[[ DATA SECTION, beginning ]]

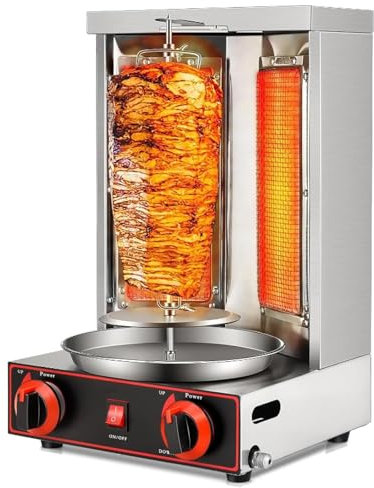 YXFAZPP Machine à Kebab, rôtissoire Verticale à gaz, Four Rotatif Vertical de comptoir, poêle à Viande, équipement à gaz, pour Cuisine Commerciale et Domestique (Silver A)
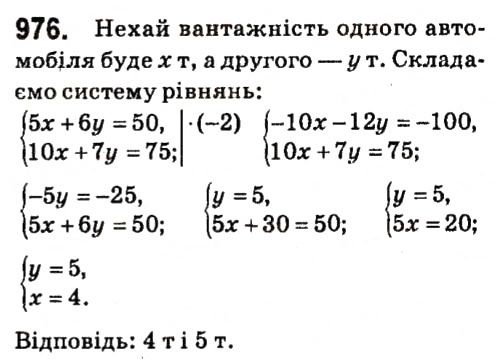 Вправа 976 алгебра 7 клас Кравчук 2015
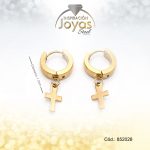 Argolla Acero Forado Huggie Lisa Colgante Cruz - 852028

[[ DATA SECTION, end ]]

### YOUR ASSIGNMENT
Copy the material exactly. Do not include the pictures.

### TASK OUTPUT
 YXFAZPP Machine à Kebab, rôtissoire Verticale à gaz, Four Rotatif Vertical de comptoir, poêle à Viande, équipement à gaz, pour Cuisine Commerciale et Domestique (Silver A)
 Вправа 976 алгебра 7 клас Кравчук 2015
 Argolla Acero Forado Huggie Lisa Colgante Cruz - 852028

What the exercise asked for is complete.